(Data begins)

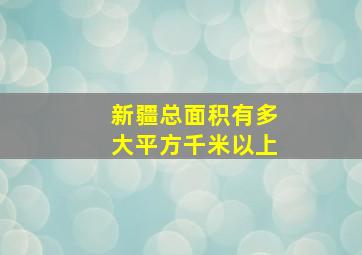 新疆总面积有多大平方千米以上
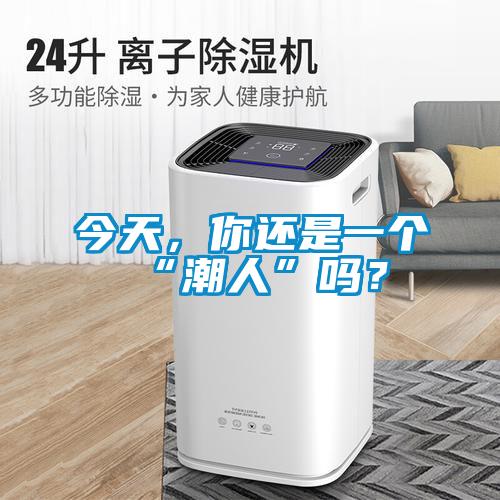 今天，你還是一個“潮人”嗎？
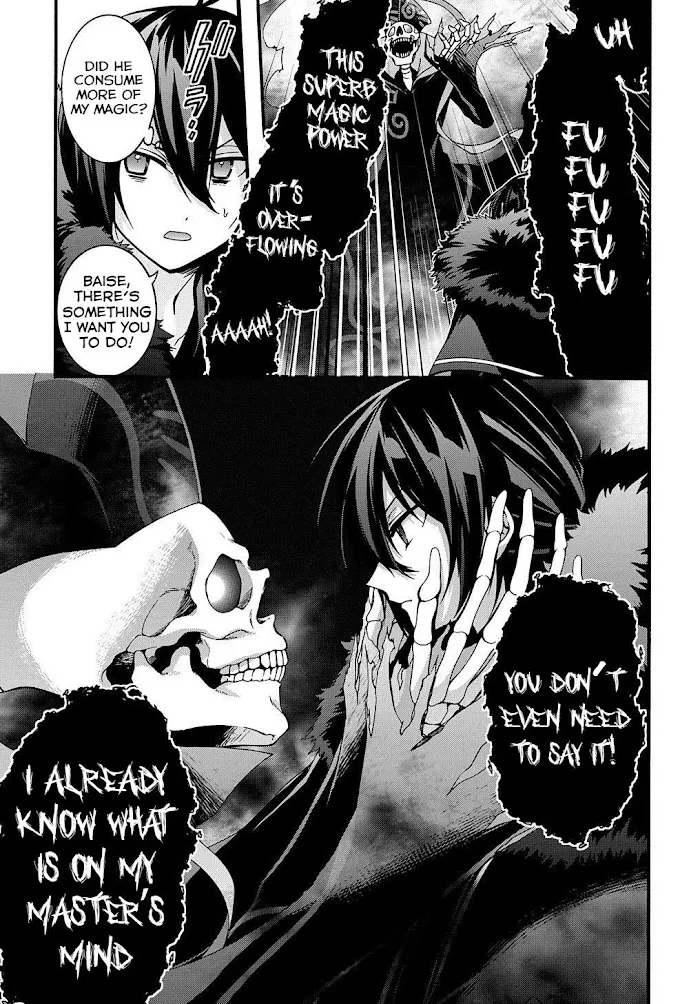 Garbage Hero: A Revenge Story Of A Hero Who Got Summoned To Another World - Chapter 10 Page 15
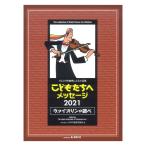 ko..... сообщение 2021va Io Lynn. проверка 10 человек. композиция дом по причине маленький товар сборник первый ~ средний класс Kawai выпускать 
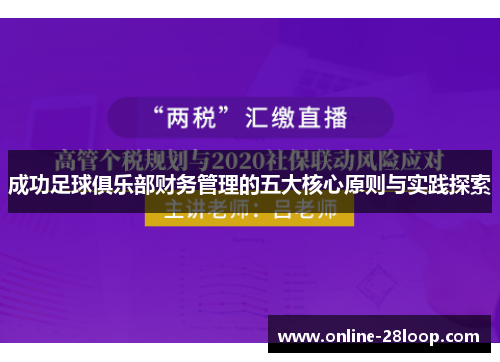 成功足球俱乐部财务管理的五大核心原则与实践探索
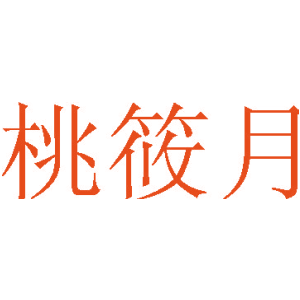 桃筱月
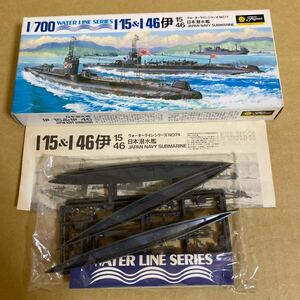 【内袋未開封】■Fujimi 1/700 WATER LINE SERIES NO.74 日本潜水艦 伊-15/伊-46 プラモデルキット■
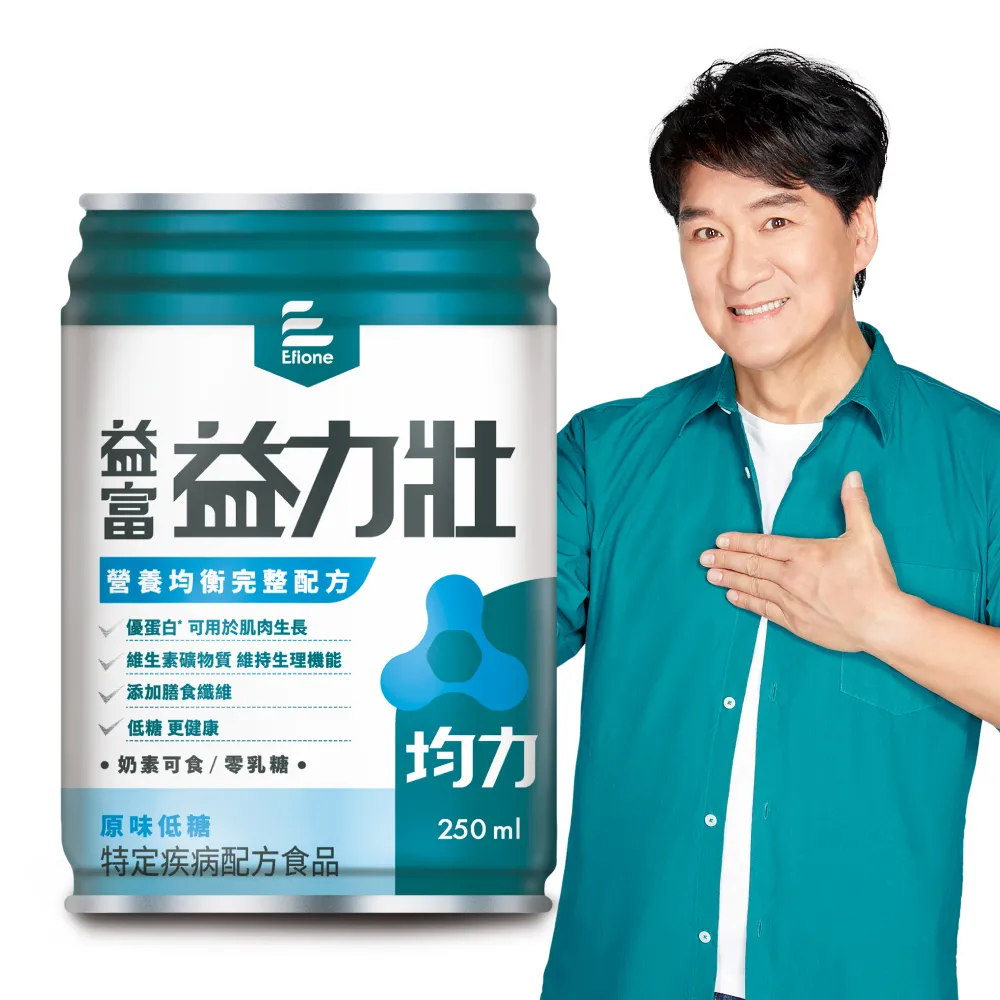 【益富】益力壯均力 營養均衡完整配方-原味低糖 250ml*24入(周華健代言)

(Data ends)

▶ _Problem statement_
Please copy every entry exactly, without the pictures.

▶ _Response to the task_
 新疆总面积有多大平方千米以上
 今天，你還是一個“潮人”嗎？
 Garbage Hero: A Revenge Story Of A Hero Who Got Summoned To Another World - Chapter 10 Page 15
 ko..... сообщение 2021va Io Lynn. проверка 10 человек. композиция дом по причине маленький товар сборник первый ~ средний класс Kawai выпускать 
 成功足球俱乐部财务管理的五大核心原则与实践探索
 桃筱月
 【内袋未開封】■Fujimi 1/700 WATER LINE SERIES NO.74 日本潜水艦 伊-15/伊-46 プラモデルキット■
 【益富】益力壯均力 營養均衡完整配方-原味低糖 250ml*24入(周華健代言)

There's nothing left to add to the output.